A new boiler has been installed and I now have heat. Heat, glorious heat. And hot water. Imagine! This is living.
But I have a few bones to pick – certainly not with my cousins who have moved mountains to turn this house into a show home in time for me to move in, or even this house specifically, but with British houses in general. Brits just seem to make some things more complicated.
Let’s start with the laundry, shall we? I now have a wonderful, brand new, working beautifully, installed washing machine. Yay! Still don’t understand why I can’t just choose the length of time that I want, or the water temperature that I want, which bugs the hell out of me – I wonder if Brits even know what it’s like to have a washer that’s not fully programmed with a dozen different cycle/time/temp presets – but on the whole, I am happy, happy about my new washer. Of course, I’m not crazy about having baskets of clothing & linens sitting around the kitchen on laundry day (’cause that’s where they keep the washers here), and this time my dryer is out in the garage. Tucked in a back corner, looking 40+ years old, and just generally kinda creepy. The last two houses also had their laundry quirks; it just seems to come with the territory. The assumption here is that I will hang most of my laundry outside, which is fine, except for two things: (1) towels never dry as soft on the line as they do in a dryer; and (2) it’s Scotland so it rains six days out of seven. Viv told me there’s indoor racks somewhere in this house; I just haven’t found them yet, so am reduced to using the line and running outside as soon as I notice it’s raining (usually 10 minutes too late to save my knickers).

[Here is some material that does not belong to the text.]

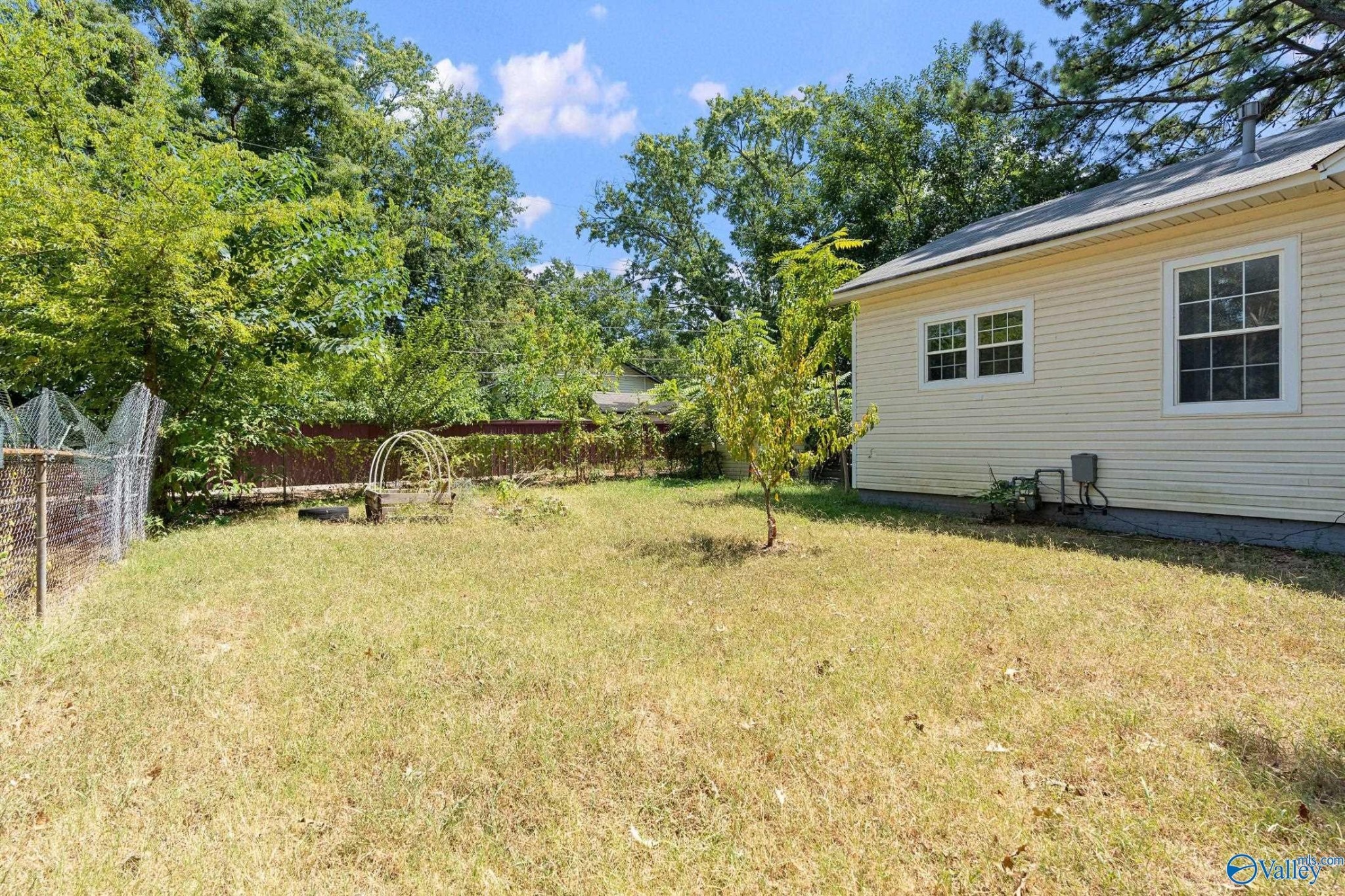 Clopton St, Huntsville, AL 35805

Heating. I have lived in three houses here: the first had slow-acting in-floor heating, the second had inadequate forced-air heating, and now I’ve got a boiler with radiators. So far, this is the coziest, yet most complex. As well as a central programmable thermostat (just like at home), each radiator has its own adjustable knob. I’m not sure how these two components work together – will have to get Viv to explain it to me. But the real treat? The day after the new boiler was installed, at 5:45 a.m. someone started playing ping pong in my front hall. I woke to the sounds of a ping pong ball being hit back and forth. Nooo, of course it wasn’t, that’s silly – it seems that radiators make all sorts of interesting noises as the pipes fill up; each morning is now a different ‘alarm clock’. As well as table tennis, I’ve been woken by what sounded like a bathtub overflowing onto a tile floor (I don’t have a bathtub), a clicking noise like a cicada (I thought it was my tinnitus at first), and this morning? the sound of a puppy with its head caught in the banister. Who needs a classic iphone ringtone at 6am when you have radiators? Oh, and it seems I have to learn how to bleed the radiators too. Uh huh. (But I’m warm. Did I mention that I’m warm?)

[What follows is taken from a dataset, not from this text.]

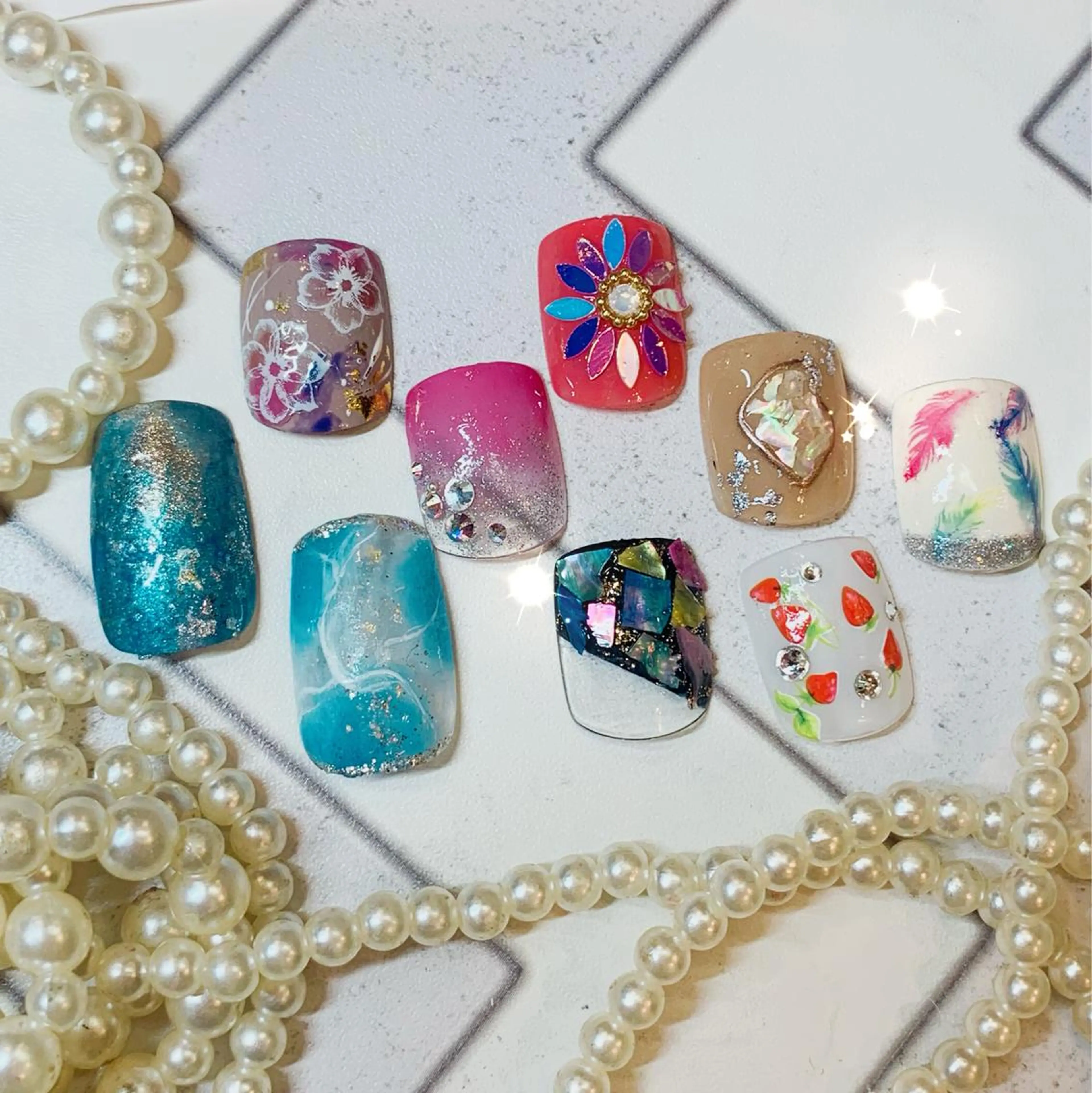 ネイル ハンドネイル GLITTER NAILS高速長田のマツエク・マツパデザイン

Why do Brits hate screens? Or are they afraid of them? Maybe no one has shown them how they work? This house, like my others (in fact, like any UK house I’ve been in) doesn’t have screens. What this house has huge picture windows that my uncle built so they could see Tinto Hill from any room; it has a stunning new front door, gunmetal blue with a frosted window; and it has these massive bi-fold glass doors onto the back garden (think French doors that open reeaal wide). But not a screen to be seen. Why? It’s not because they don’t have insects (believe me, Scotland has insects). Sunday morning was so nice I opened the living room windows. Next thing I knew, a wasp the size of a parakeet was swooping around my head. I miss screens.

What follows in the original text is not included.